• [TRY IT]:
Begin at the line containing "Women’s Nike element half zip pullover!!" and give again every line to the end of the records, exactly, without the pictures.

(INFORMATION SHOWN)

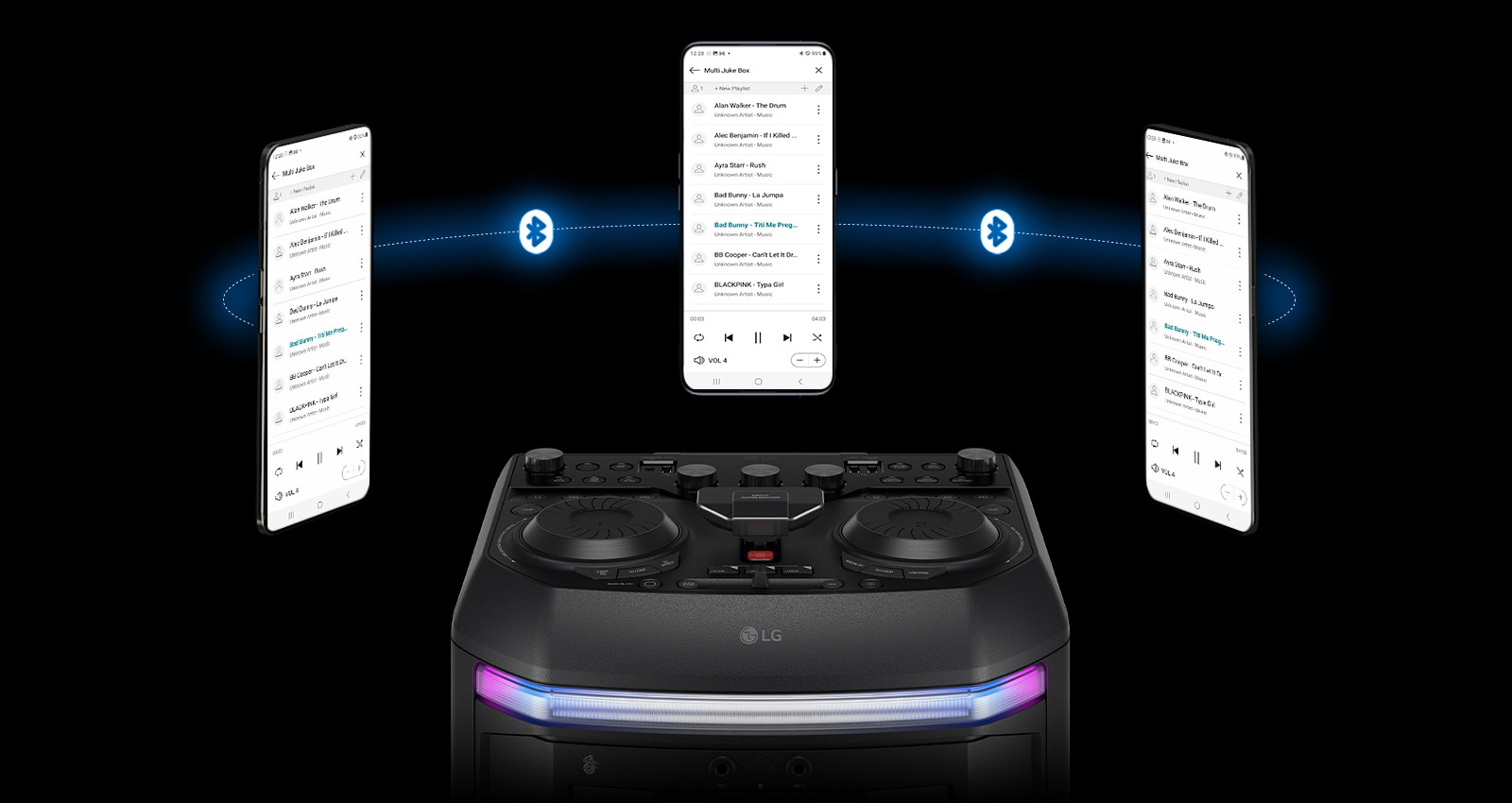 Hay un teléfono inteligente en un LG XBOOM OK99M con otros dos teléfonos inteligentes flotando a su alrededor. Se muestra un logotipo de Bluetooth en entre teléfonos inteligentes.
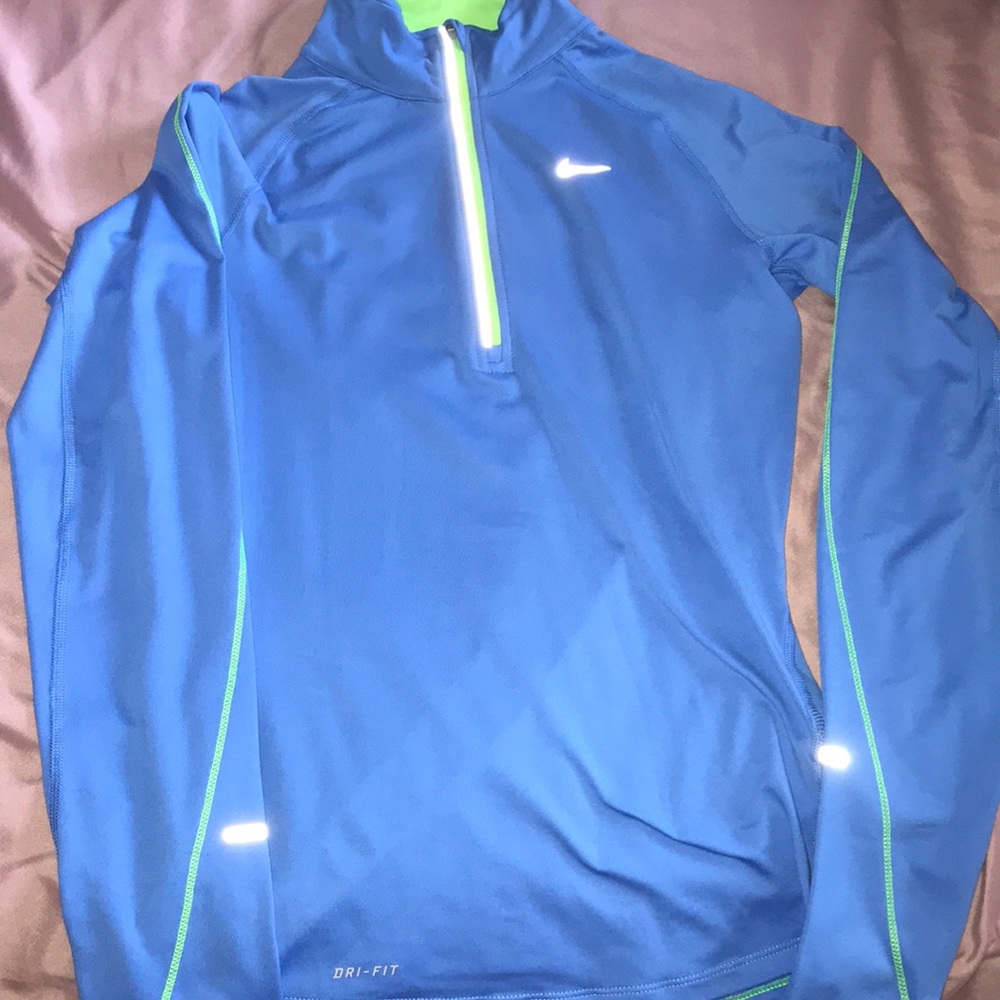 Women’s Nike element half zip pullover!!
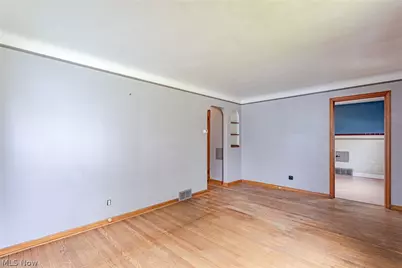 11104 McCracken Road, Garfield Heights, OH 44125 - Photo 5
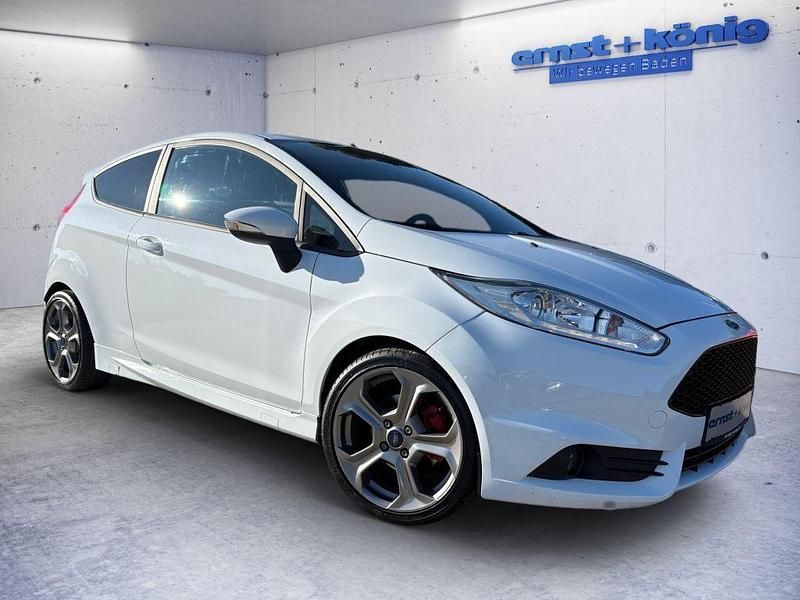 Weiß Gebraucht 2013 Ford Fiesta Sport Kleinwagen | 10.990 € (Etwas zu teuer) - Bild 1/4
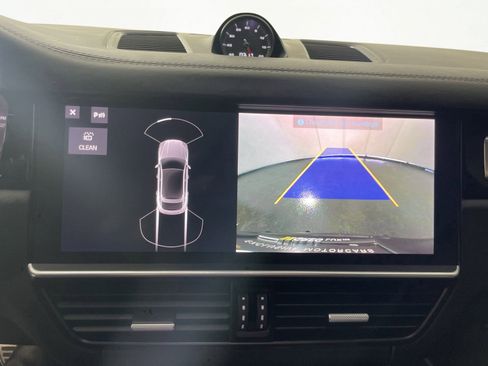 Used 2021 Porsche Cayenne GTS image 19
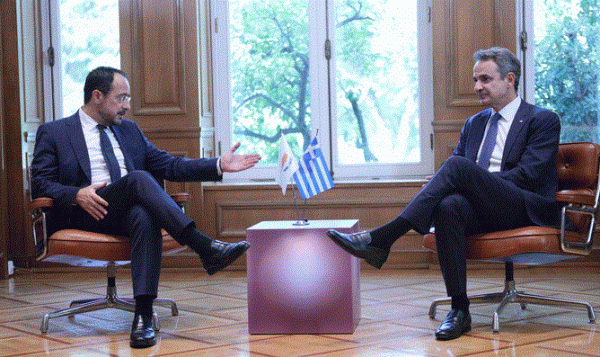 Κυπριακό: Ενώπιον της Ιστορίας (και πάλι)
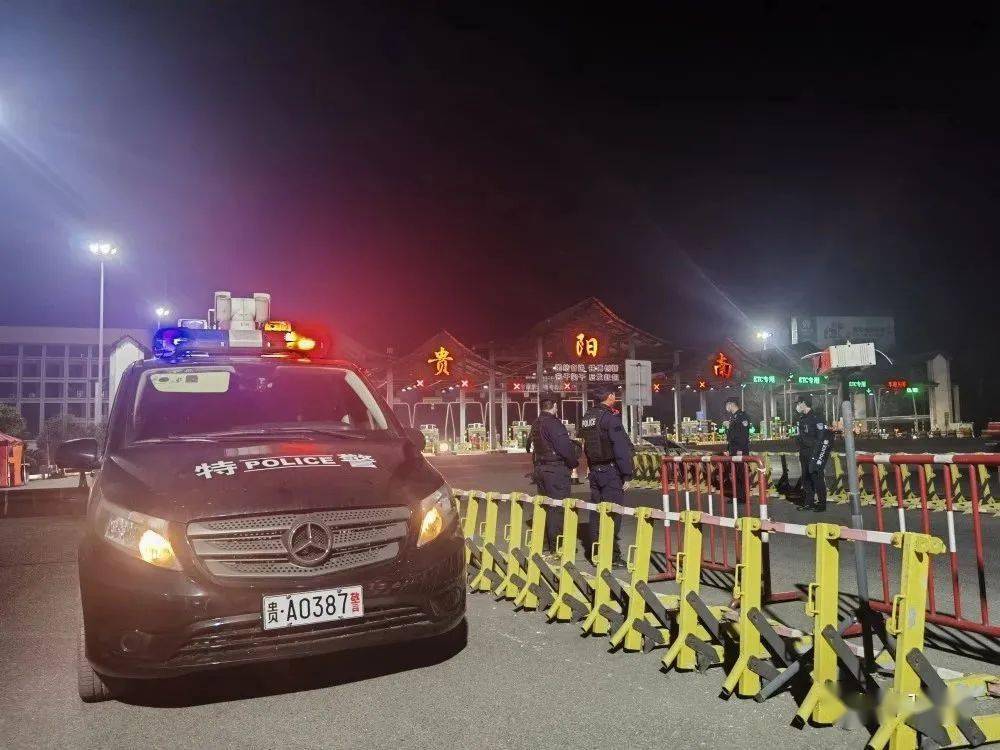 警灯闪烁护卫万家灯火,忠诚履职和成"平安馅".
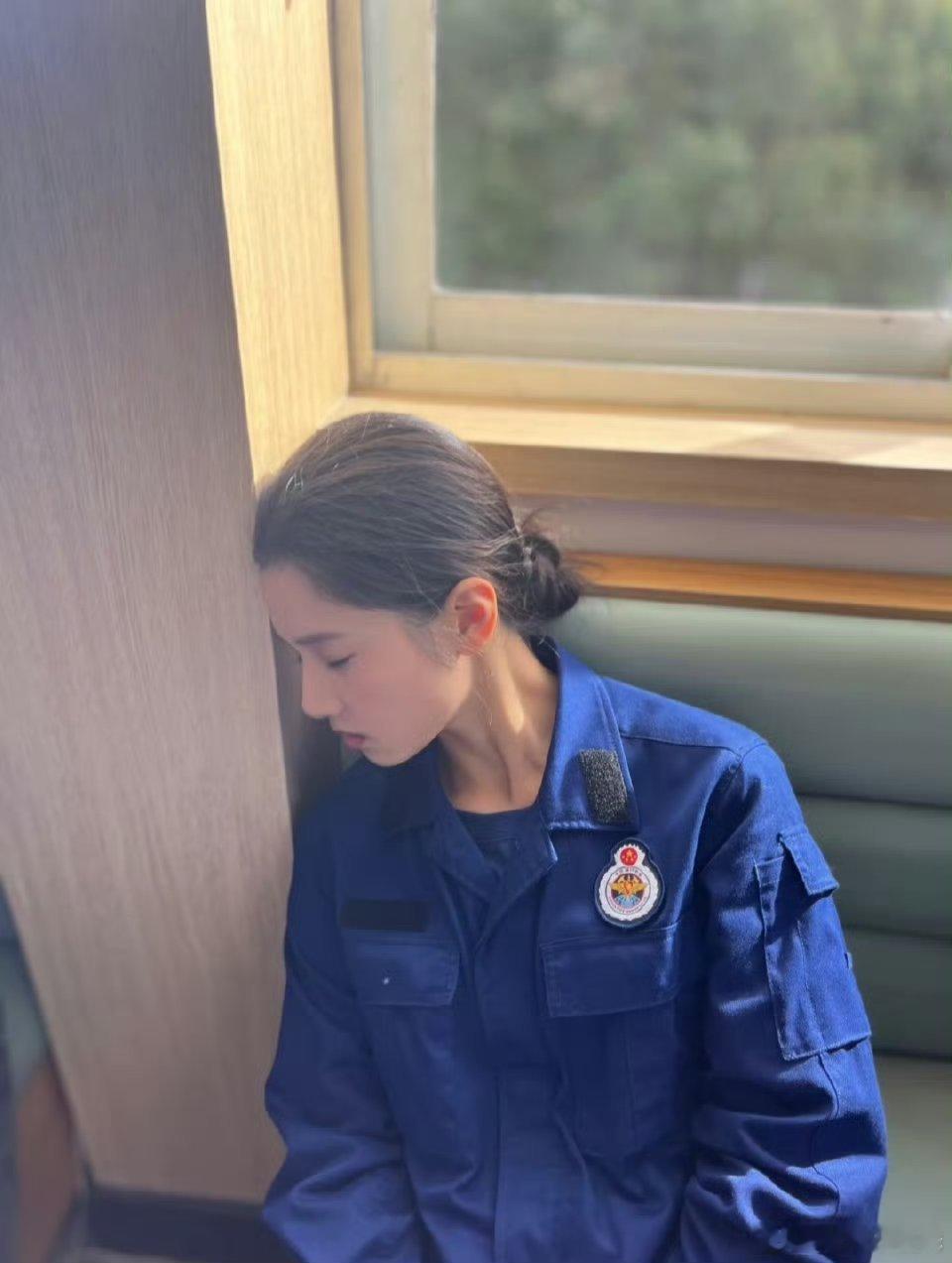 疑问加一，张婧仪小时候睡过觉吗​好圆好饱满的头颅我ruarua​​​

(End INFORMATION SHOWN)

• [WRITTEN REPLY]:
 Women’s Nike element half zip pullover!!
 11104 McCracken Road, Garfield Heights, OH 44125 - Photo 5
 Weiß Gebraucht 2013 Ford Fiesta Sport Kleinwagen | 10.990 € (Etwas zu teuer) - Bild 1/4
 Used 2021 Porsche Cayenne GTS image 19
 Κυπριακό: Ενώπιον της Ιστορίας (και πάλι)
 警灯闪烁护卫万家灯火,忠诚履职和成"平安馅".
 疑问加一，张婧仪小时候睡过觉吗​好圆好饱满的头颅我ruarua​​​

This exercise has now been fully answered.